#### Work to complete
Below are records; extract exactly the lines from the one containing "Compact Powerful Two Tree 40W Laser Engraver" through the last, both included, and keep the pictures out.
Data section START
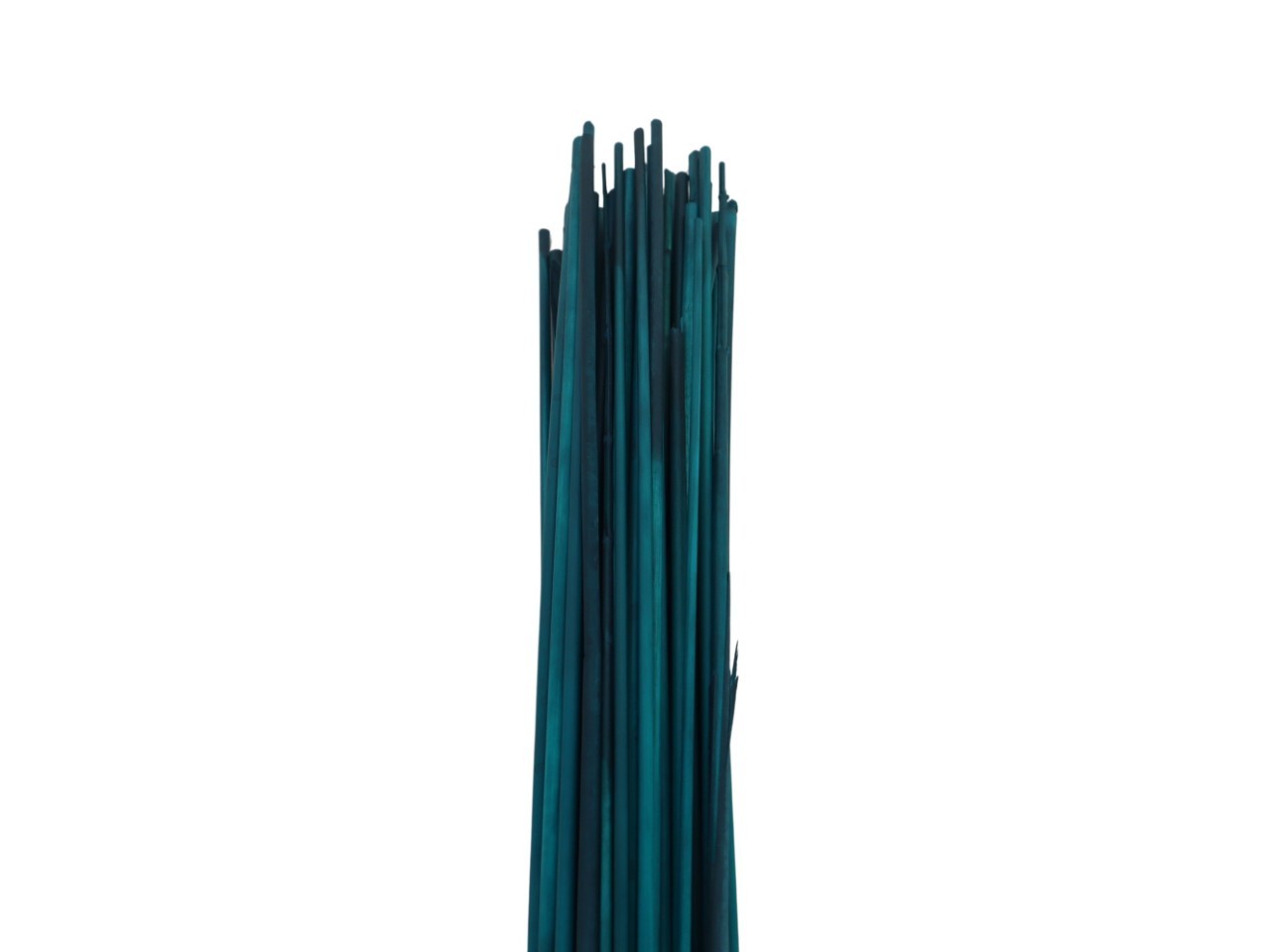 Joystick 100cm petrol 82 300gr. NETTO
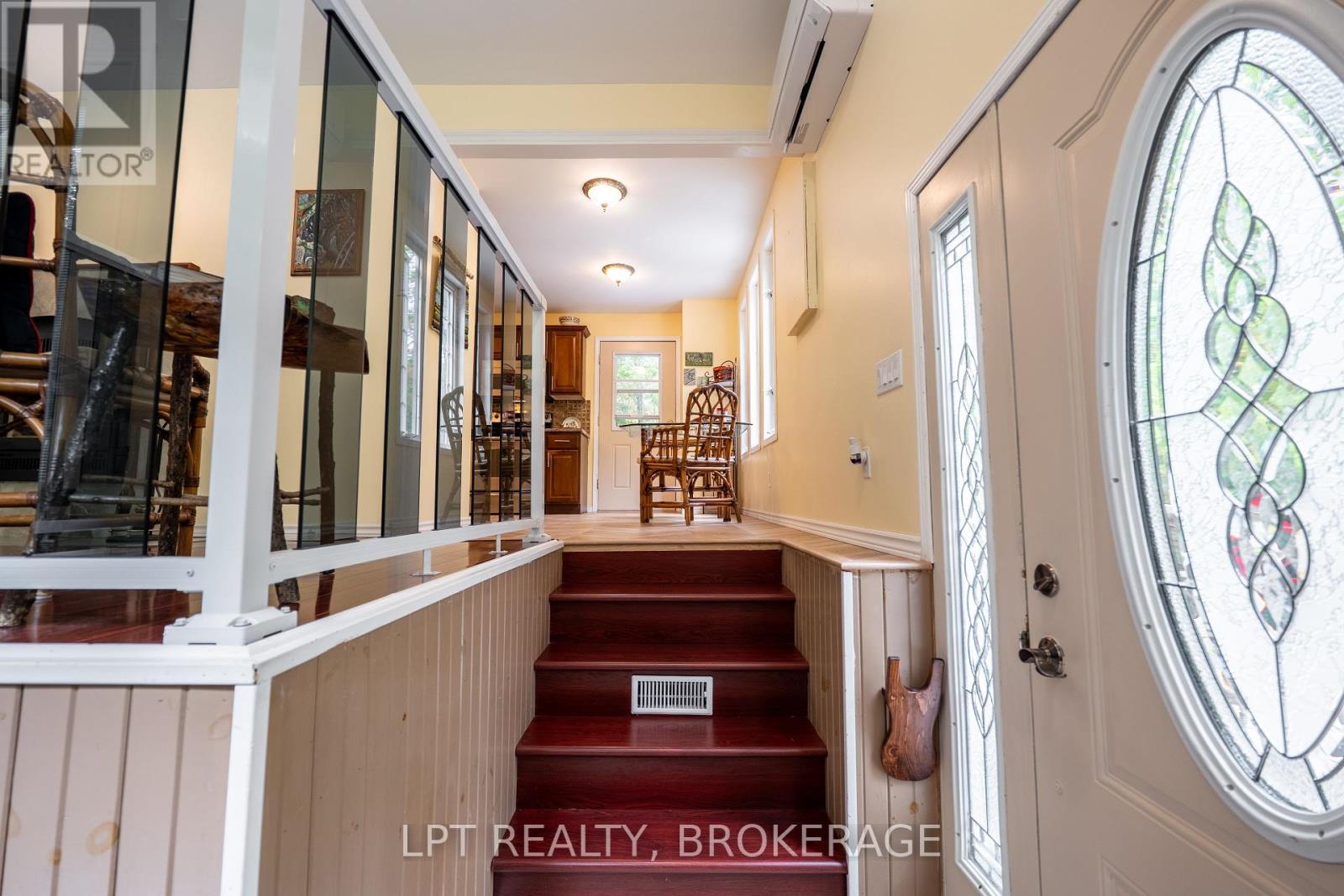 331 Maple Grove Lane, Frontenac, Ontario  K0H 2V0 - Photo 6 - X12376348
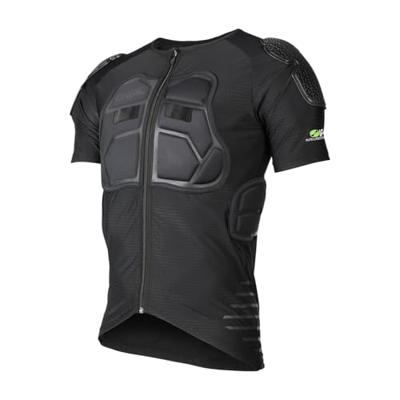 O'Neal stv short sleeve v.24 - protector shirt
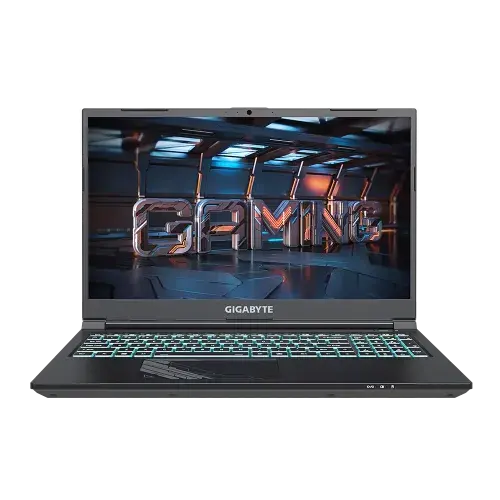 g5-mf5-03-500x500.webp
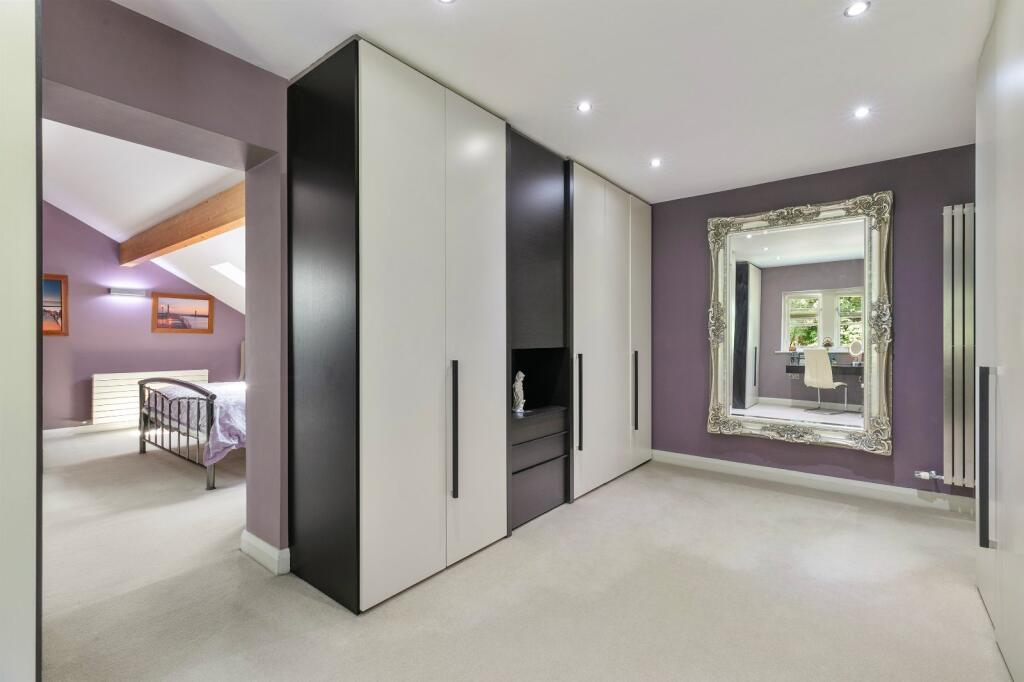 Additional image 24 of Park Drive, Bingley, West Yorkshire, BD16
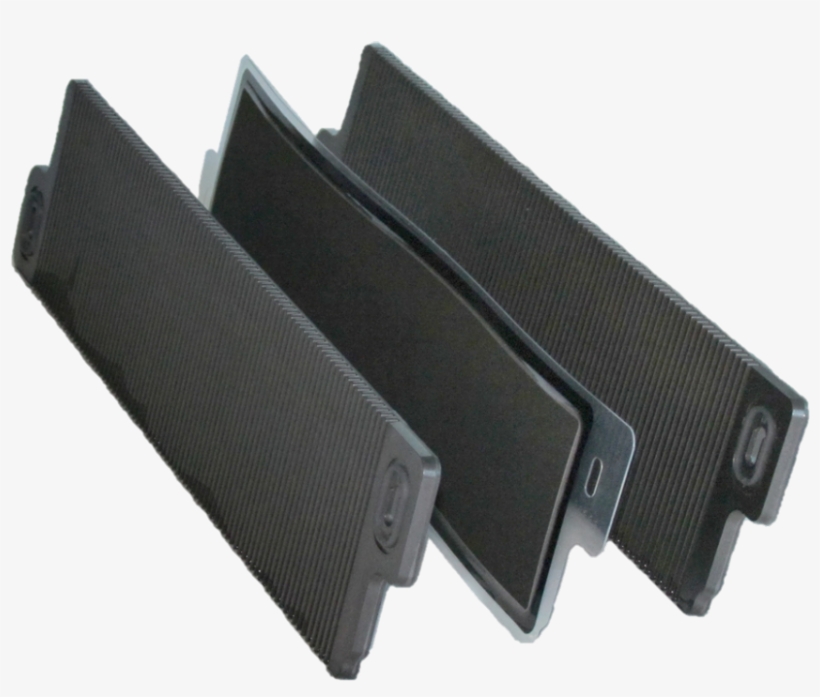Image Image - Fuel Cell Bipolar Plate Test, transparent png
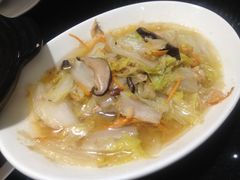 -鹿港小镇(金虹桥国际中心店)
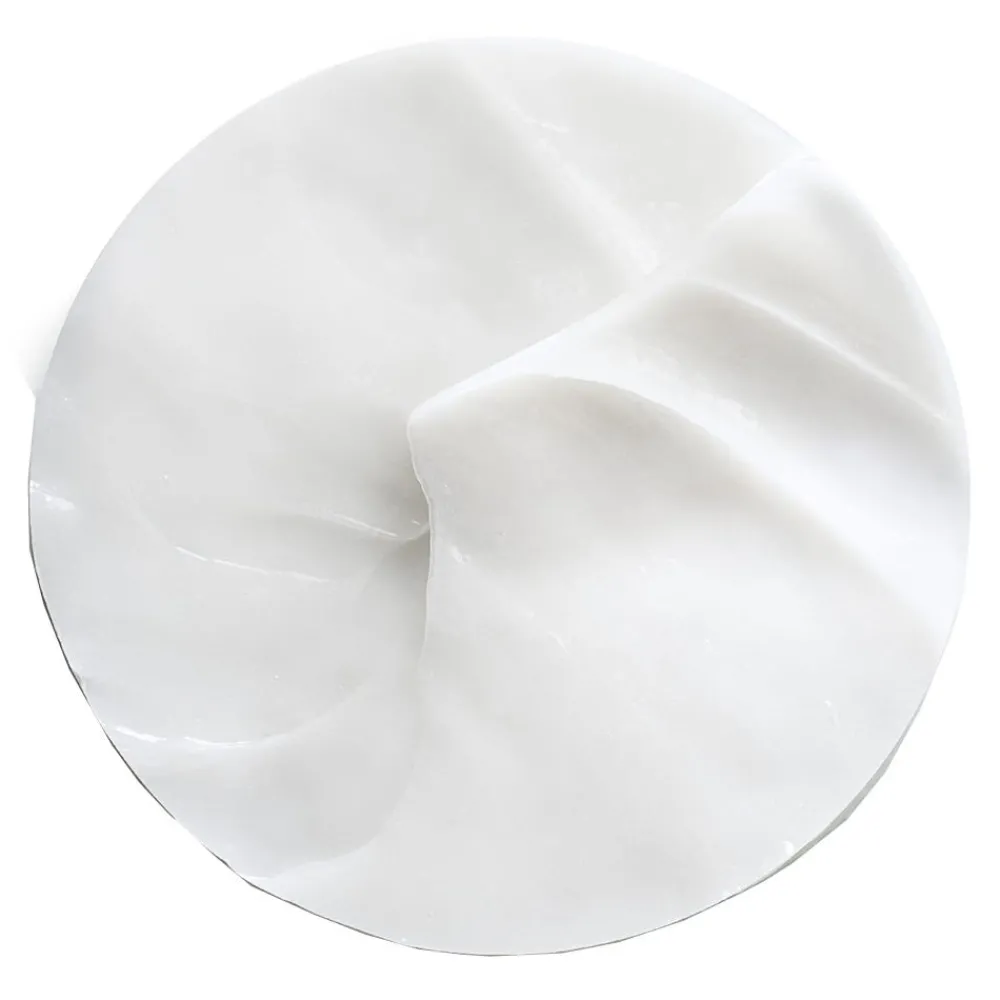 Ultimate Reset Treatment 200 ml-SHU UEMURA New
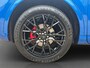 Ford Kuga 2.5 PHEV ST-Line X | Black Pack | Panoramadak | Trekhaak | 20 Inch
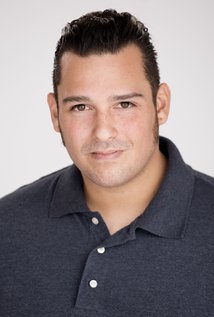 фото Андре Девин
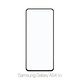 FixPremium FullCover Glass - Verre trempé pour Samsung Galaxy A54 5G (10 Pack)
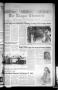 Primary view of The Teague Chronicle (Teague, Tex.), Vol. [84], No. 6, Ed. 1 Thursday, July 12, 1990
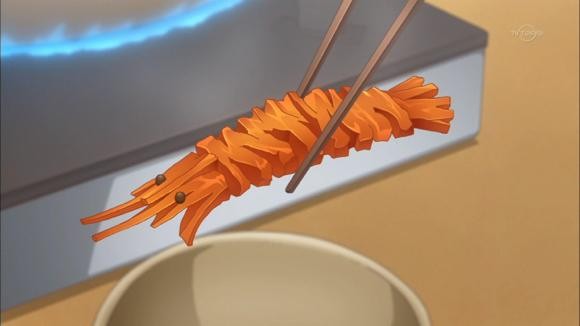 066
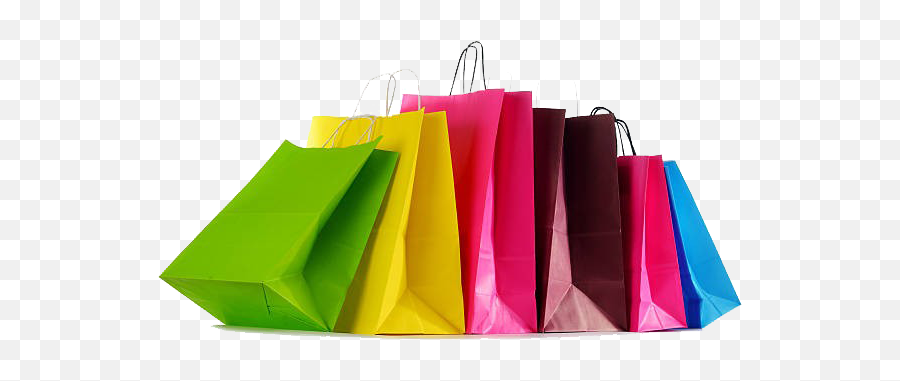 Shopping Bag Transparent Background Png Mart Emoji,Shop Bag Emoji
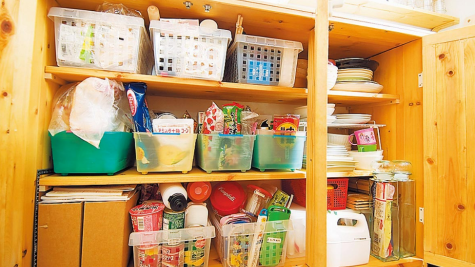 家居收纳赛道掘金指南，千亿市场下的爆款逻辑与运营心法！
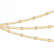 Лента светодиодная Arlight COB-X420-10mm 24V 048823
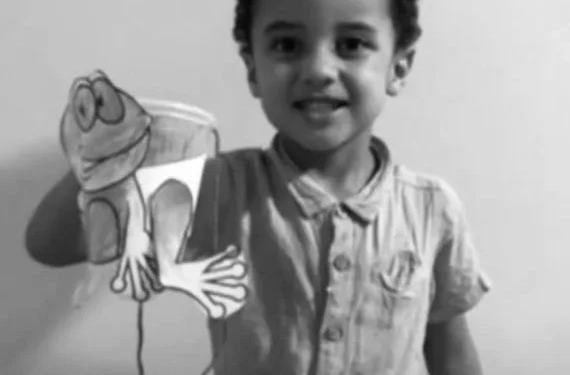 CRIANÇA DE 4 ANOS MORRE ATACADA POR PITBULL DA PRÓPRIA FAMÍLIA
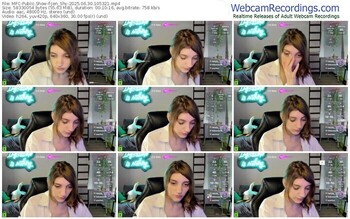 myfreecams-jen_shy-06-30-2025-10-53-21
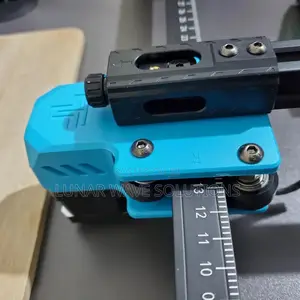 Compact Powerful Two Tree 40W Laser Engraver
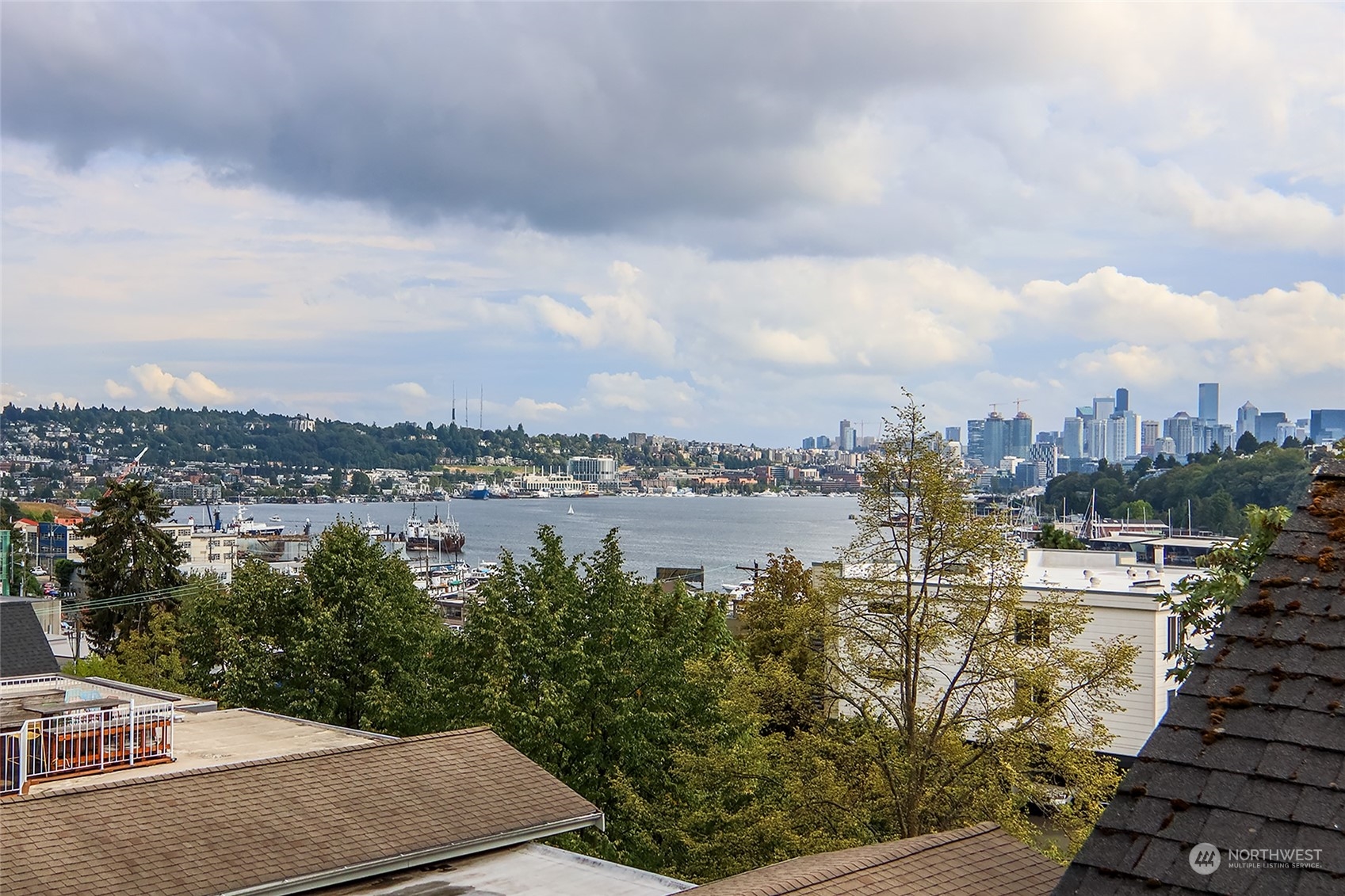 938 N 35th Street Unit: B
Data section END
#### Result for this exercise
 Compact Powerful Two Tree 40W Laser Engraver
 938 N 35th Street Unit: B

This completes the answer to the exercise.